FRANKLY, WE THOUGHT we'd seen the last of the Panama Canal treaties when the Senate ratified them last year. The administration thought the same. Unfortunately, the issue is very much alive. Many who opposed ratification never stopped agitating, and they have induced the House to use the process of writing treaty-implementing legislation to rewrite the treaties. A second Panama battle, in the House, is on. It could end-some treaty opponents count on it-in provoking a Panamanian reaction that would in turn generate pressures here to suspend putting the new pacts into effect.
One threat comes from the House Merchant Marine Committee. It has passed implementing legislation with highly provocative provisions for payments to Panama and for approving the transfer of property to Panama. During the deliberations the administration's own tactics raised the question of whether it was leveling about costs. If finally straightened out its act, but meanwhile the damage had been done.
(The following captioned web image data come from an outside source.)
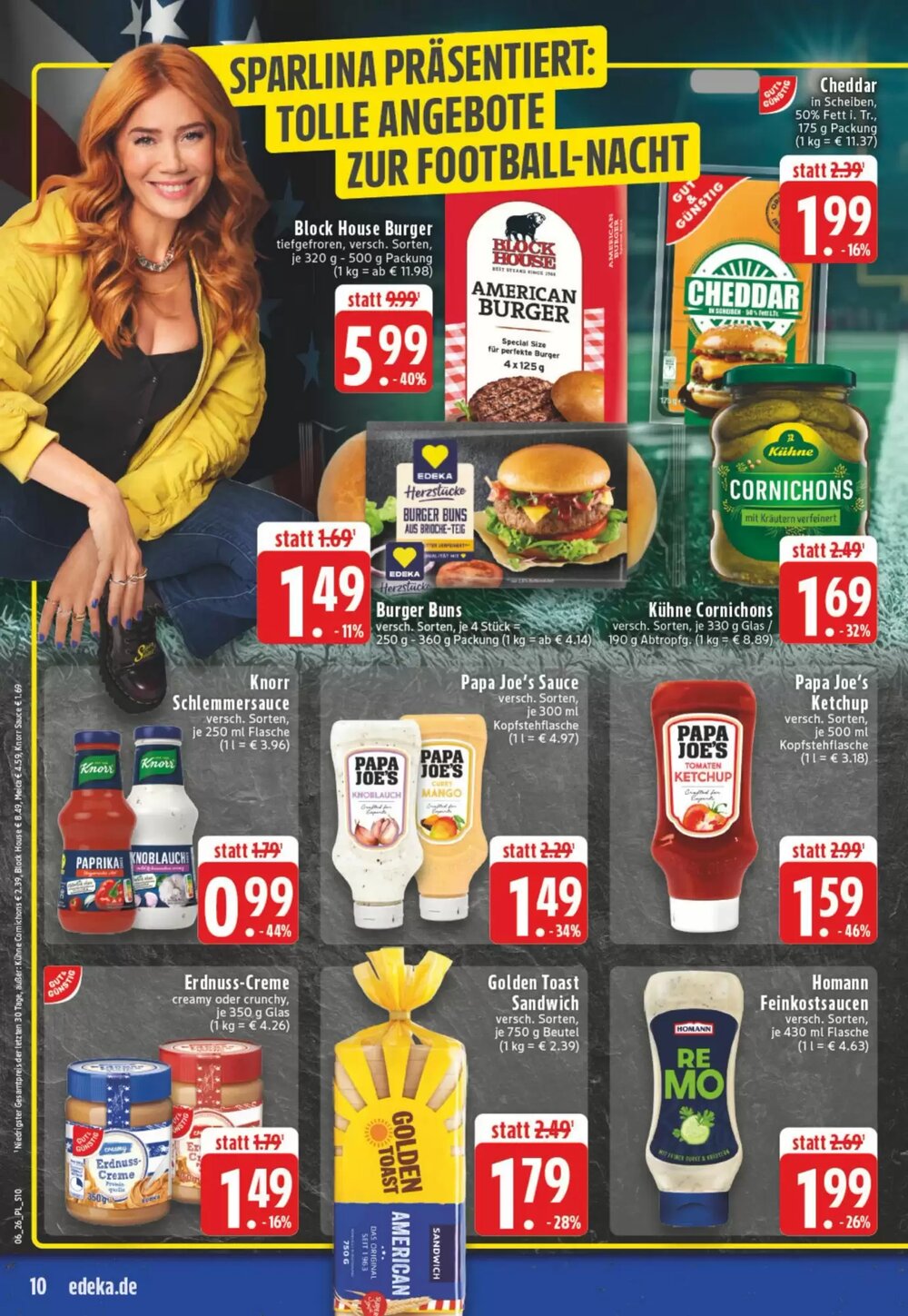 E-Center Prospekt (ab 02.02.2026) zum Blättern - Seite 12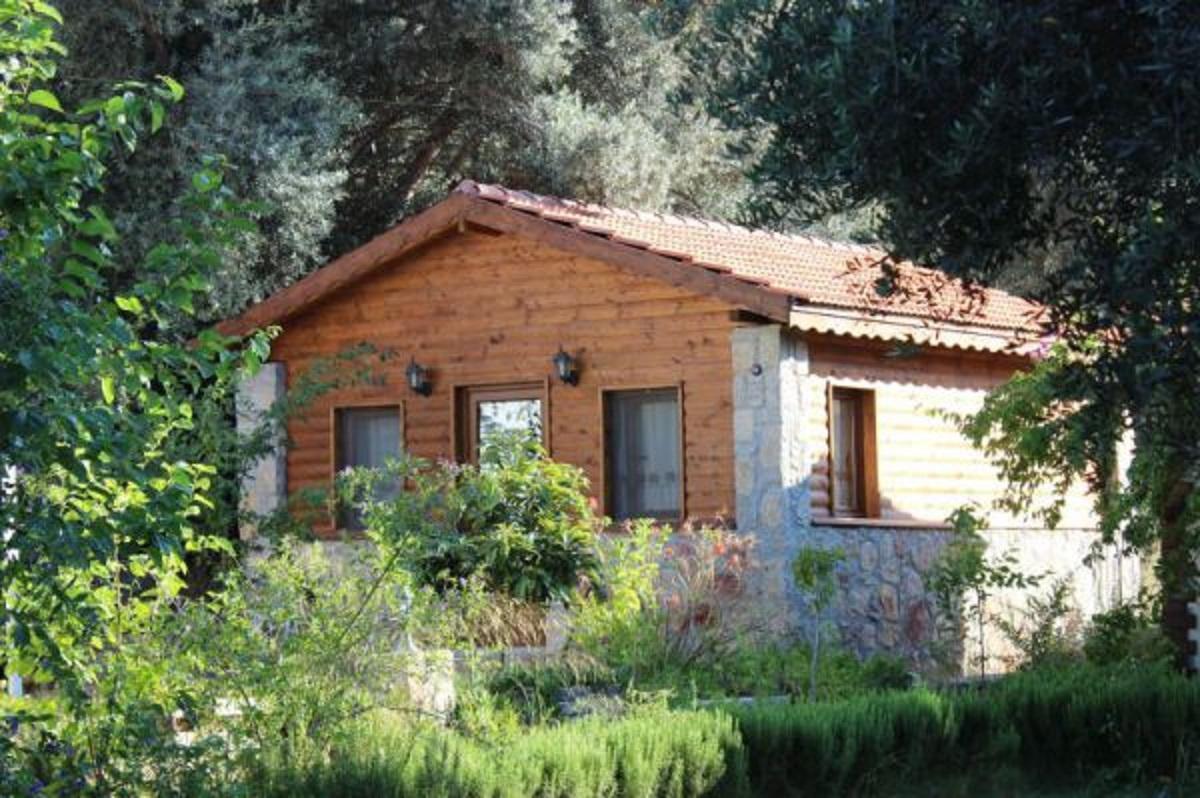 Datca Masal Gibi Exterior foto
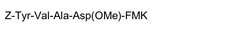 Abcam&nbsp;Z-YVAD-FMK, Irreversible Caspase-1 Inhibitor, Lyophilized, 5 mg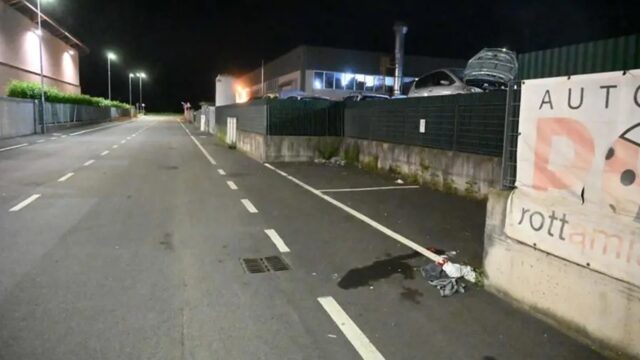 Trovato agonizzante in strada, è giallo: tragiche le circostanze del ritrovamento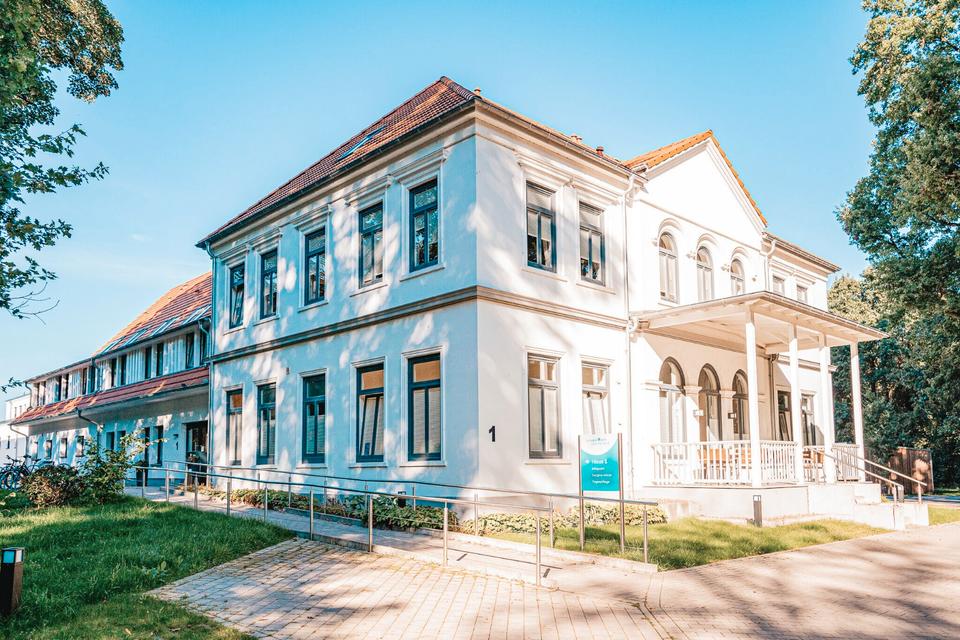 Thumbnail-Wohnungen für Senior:innen– Betreutes Wohnen in Oberneuland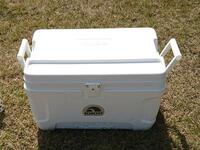 Cooler box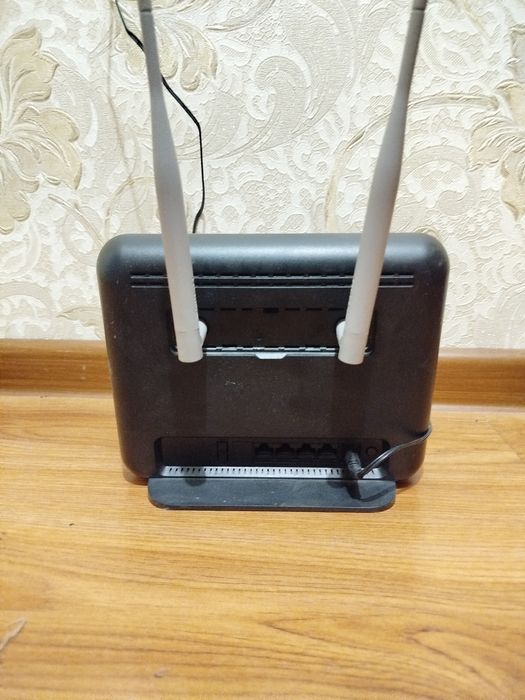 Модем 4g-5g altel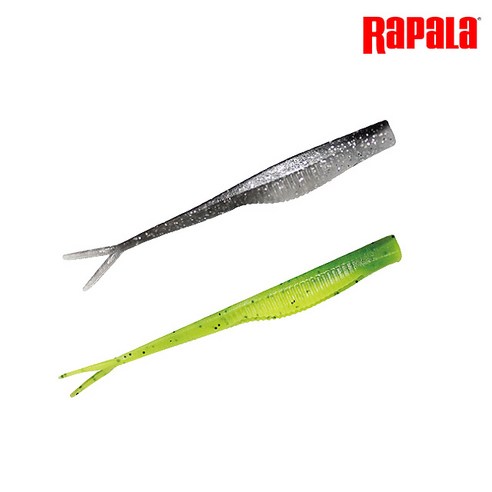 라팔라 트리거엑스: 광어 낚시의 새로운 지평을 열다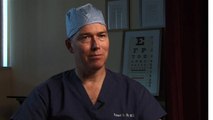 Can I get refractive eye surgery without using a laser?: Eye Surgery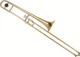 F.E. Olds Trombone &ndash; NTB110PC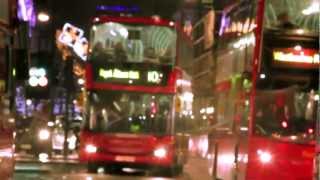 Dawson & Lazo - Goodnight London (HD)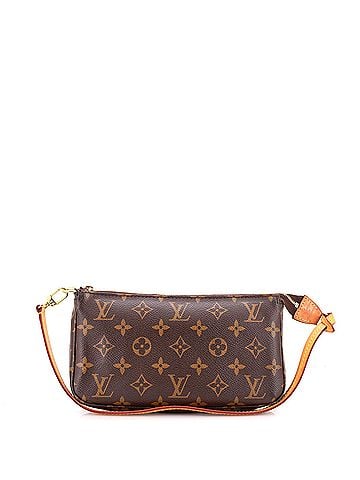 Louis Vuitton Pochette Accessoires NM Monogram Canvas (view 1)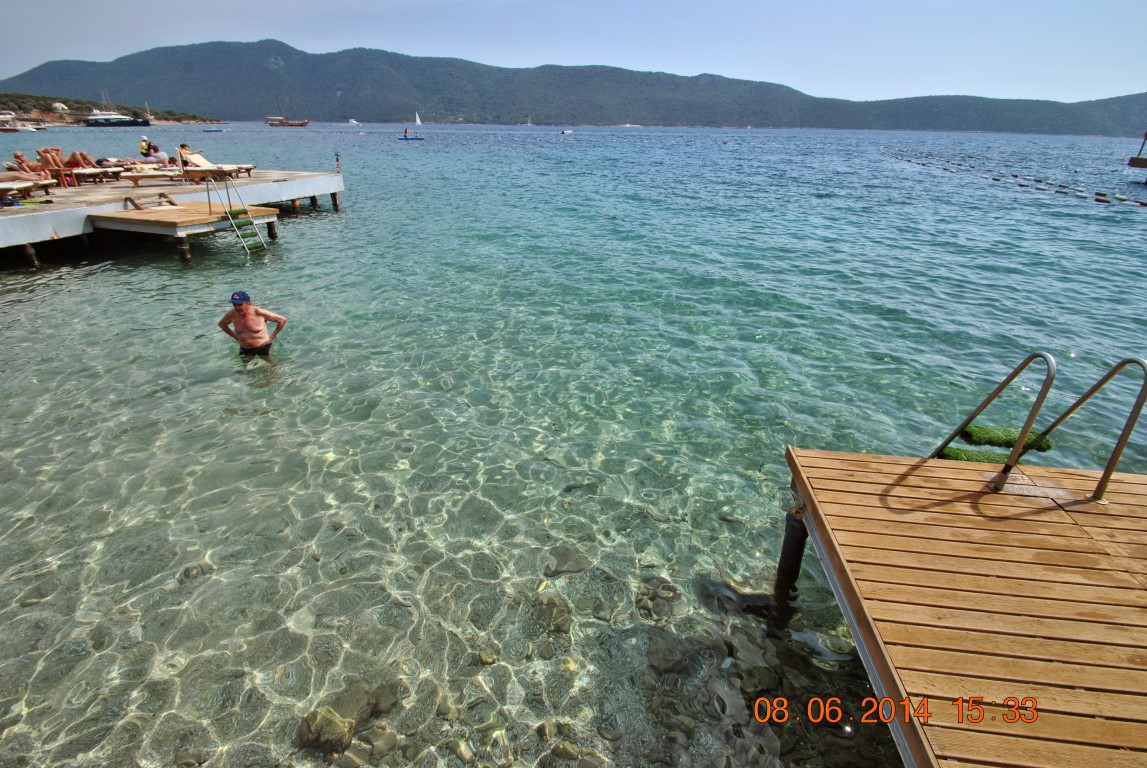 imagini hotel ERSAN RESORT BODRUM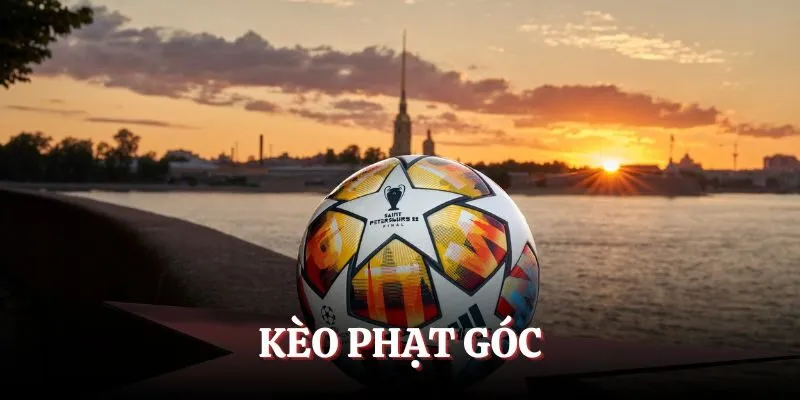 Kèo Phạt Góc Tại We88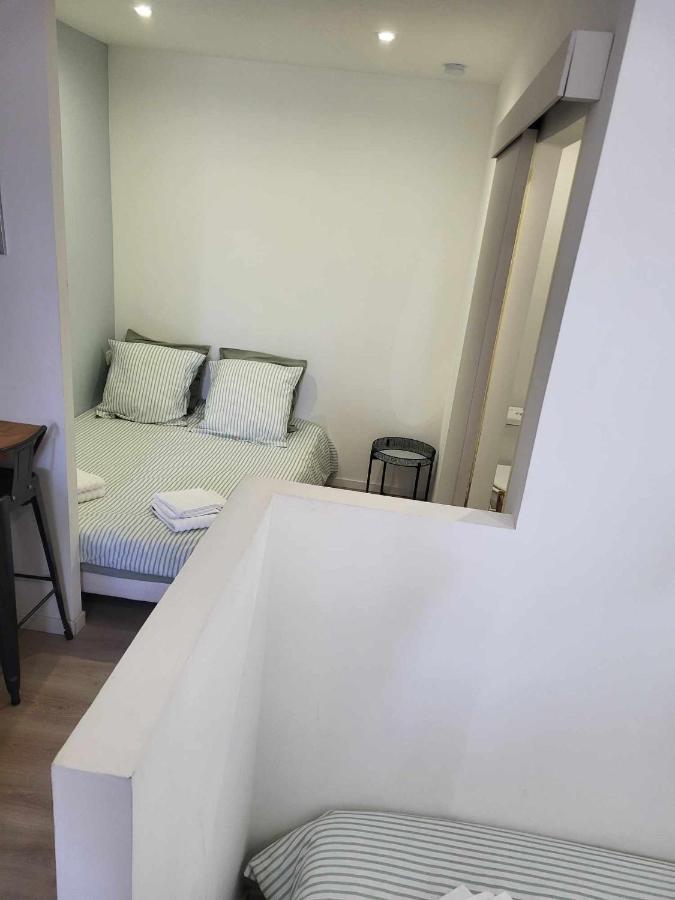 ואלנסיין Appartement Canada 1 מראה חיצוני תמונה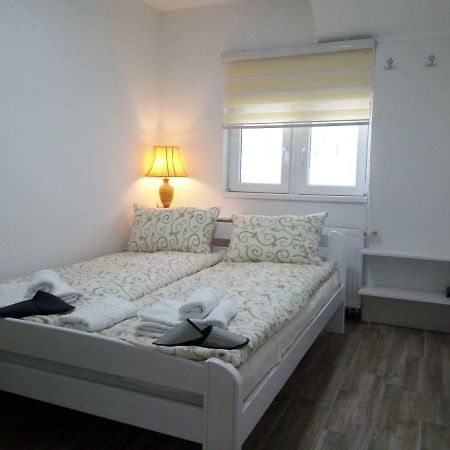 Apartments&Rooms Mido Visoko Ngoại thất bức ảnh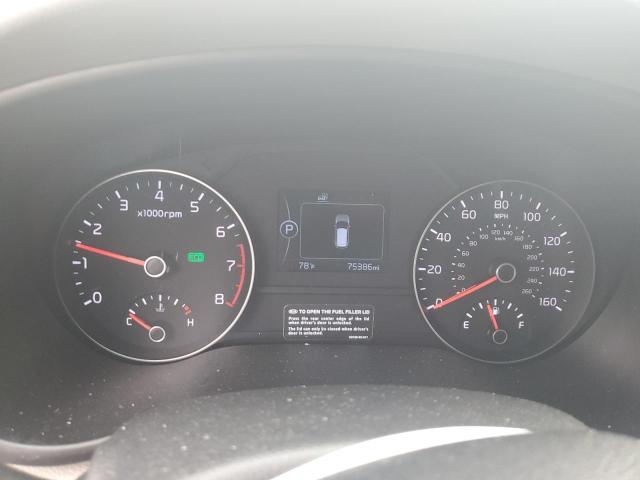 Photo 9 from auction – 2018 KIA SPORTAGE L with VIN KNDPM3AC0J7357670
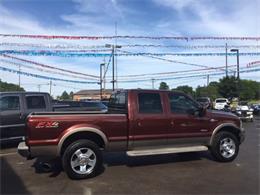 2006 Ford F250 (CC-859035) for sale in Monroe, Missouri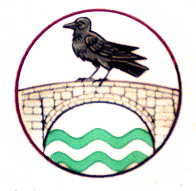 lliw valley badge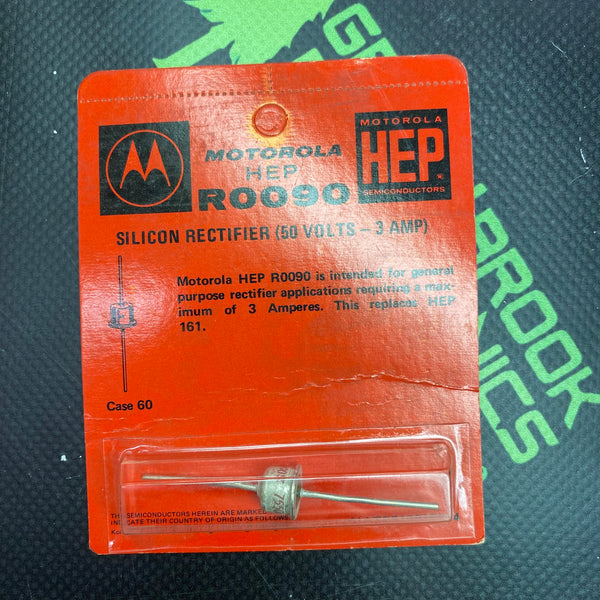 HEPR0090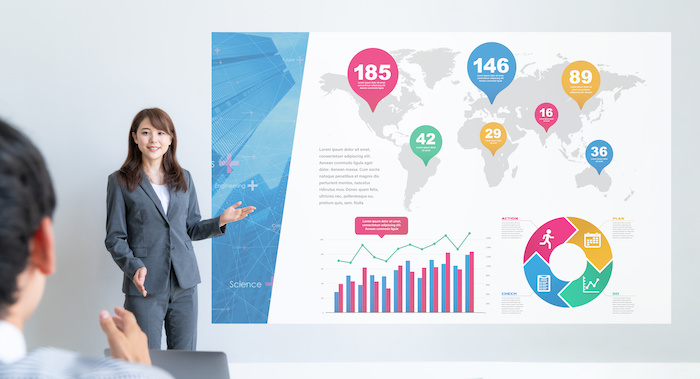 興味ゼロの人を巻き込む「共感プレゼン」オンライン動画授業・講座のSchoo スクー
Troublesome as the committee bill is however, it has a certain political rationale. The House seems determined to demand at least as tough a bill. It has not had the education in reality that its Merchant Marine Committee underwent by working on the legislation. Many House members, for instance, do not indicate that they understand, as almost all committee members do, that there is a second party to the treaties, by the name of Panama, whose sovereign requirements must be met if the United States is to continue the use and defense of the canal. Sensible people must hope that if and when the committee bill is passed, its provocations to Panama can be removed in conference.
Meanwhile, Rep. George Hansen (R-Idaho) is pushing a measure that would have the effect of stopping the treaties cold. Something close to 200 congressmen have, lemming-like, followed as co-sponsors. Mr. Hansen passes himself off as a conservative. In fact, he acts like a radical whose mission is to wrest away from Americans the canal benefits ensured them by the only process with legal standing, Senate ratification. If a hostile agent had secretly set out to deny the United States the continued use of this vital water-way, he could scarcely improve on the performance of Mr Hansen.
In brief, many in the House continue to pretend that the United States can still say no to the treaties. It would be foolish not to take the challenge seriously. The administration and its friends in Congress have their work cut out for them.